Short and sweet this week. I have a sick child I’m tending to and there are only a few days left to prepare my Zombie fallout shelter. I was hoping to have it completed before The Walking Dead’s second season starts back this Sunday.

That’s a lot of ammo, granola bars and crossword puzzles to compile with not much time. One day I’ll appreciate it though. MUCH SOONER THAN YOU THINK! da da duuuuuh.


CLEVELAND +7 at Oakland – I’m 4-0 on Oakland this year but now is the time to make like Benedict Arnold and cross sides. Like teams coming out of a bye against a team that has played NYJ, NE and HOU in consecutive weeks. Oakland is due for a letdown.

CINNCINATI – 7 vs Indianapolis – A line that at first seems peculiar, but #itsatrap. I have a feeling that Cincinnati will put this one away easily. Stranger things have happened, like Fred Durst getting a CBS sitcom. No really, Google it.

DALLAS +7 at New England – Another underachiever coming out of it’s bye.

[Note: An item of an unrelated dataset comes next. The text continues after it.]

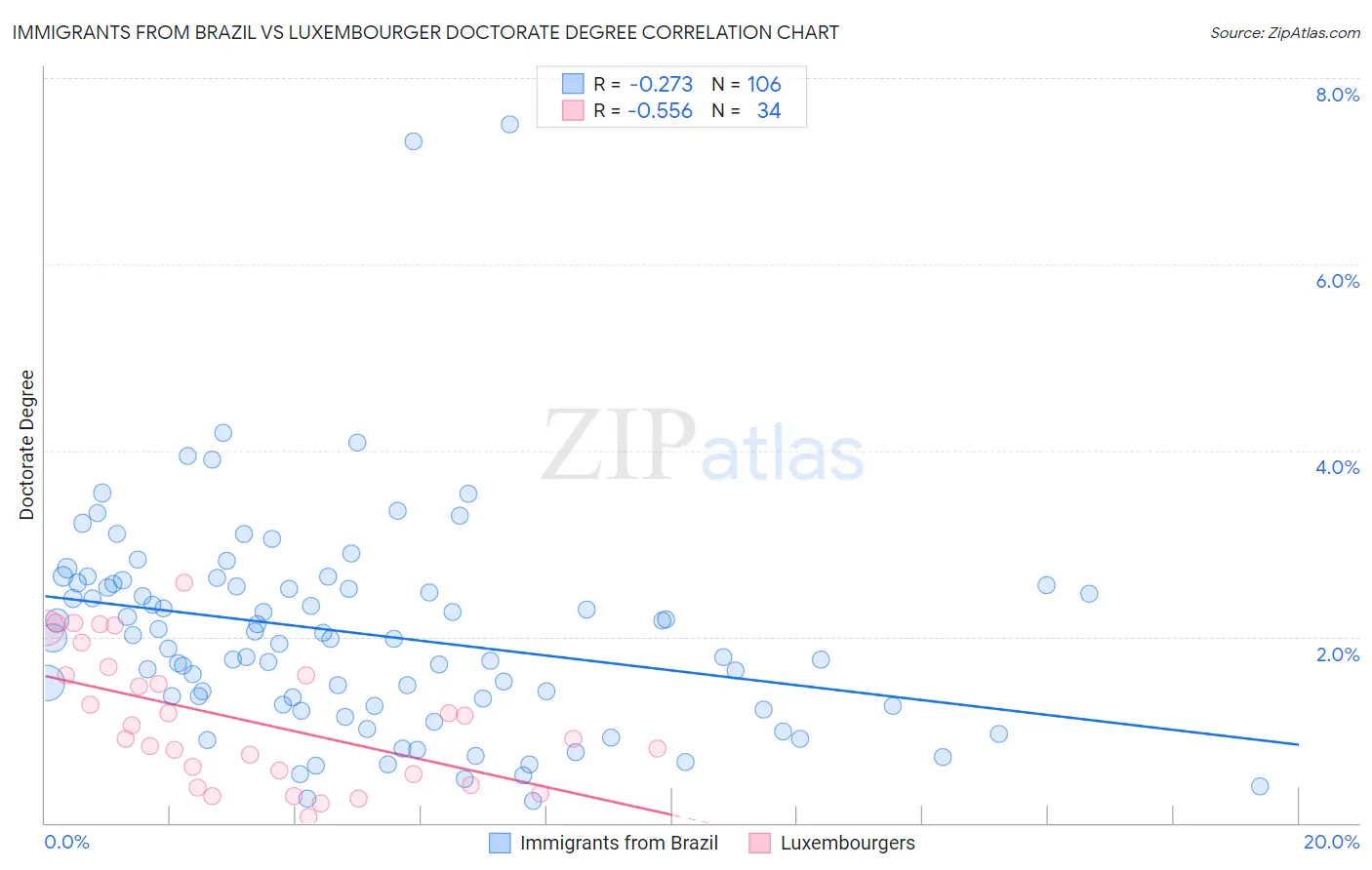 Immigrants from Brazil vs Luxembourger Doctorate Degree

Remember last year when New England lost at Cleveland? Who was the DEF Coordinator for Cleveland then? That’s right, current Dallas DEF coordinator Rob Ryan. See where I’m going with this? Coverville.

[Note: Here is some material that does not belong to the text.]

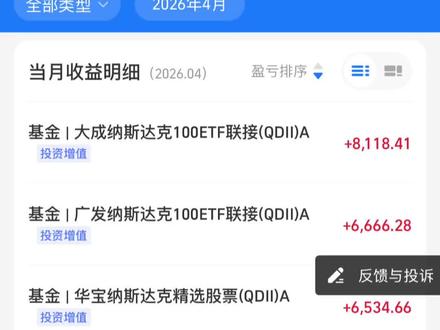 不得不说,美股是真夸张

MINNESOTA +3 at Chicago – In my market research, this one was very unpopular. People, the Bears defense is pretty terrible. We all know Jay Cutler has never won anything in life. The Vikings have a great running back and a great pass rush. That’s all you need to know.

SAN FRAN +5 at Detroit – Full disclosure, I have been against Detroit multiple times this year and have yet to be correct. Like Earnest P. Worrell, I never knew when to quit. San Francisco will have the best defense the Lions have faced this season and the running game to control the clock to keep the game close. Or they could lose by 35. One of those things will happen.

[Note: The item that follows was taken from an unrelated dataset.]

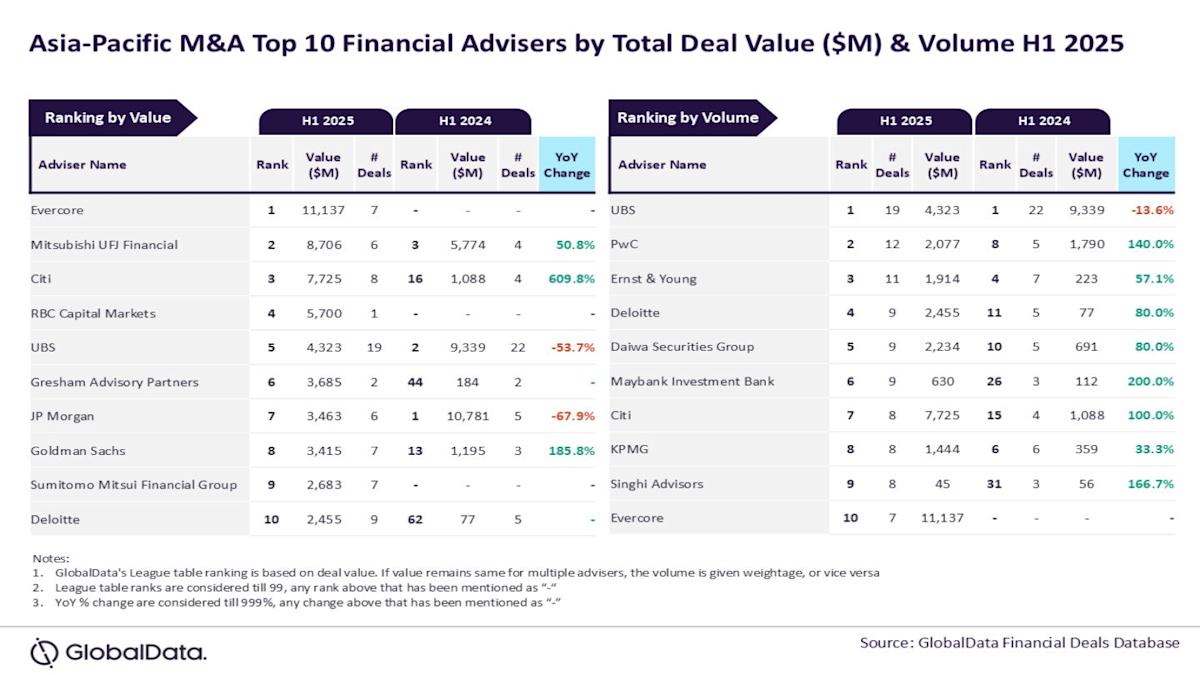 Evercore, UBS lead M&A financial advisory in Asia-Pacific for H1 2025 Evercore, UBS lead M&A financial advisory in Asia-Pacific for H1 2025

PHILADELPHIA -1 at Washington – I have no analysis, history or trends behind this pick. I just can’t see the Eagles losing. If they lose this game, they might as well forfeit the season. Except Vick, I need his fantasy points. Speaking of Vick, I have Vick and Tebow in a league with gaping holes at running back. Naturally, I try to trade one. No one wants them. They would rather go along with their Colt McCoys and Joe Flaccos of the world. Idiots.

NY GIANTS – 3 vs Buffalo – I hate the Giants. Knocked 85% of the free world out of eliminator pools last week. And you know Eli doesn’t care about knocking me out, he just stares at you with those puppy dog eyes and shrugs his shoulders. Probably heading to an Olive Garden wearing a t-shirt and sports jacket. Regardless, the Giants will win/cash this week. I don’t like it either for them.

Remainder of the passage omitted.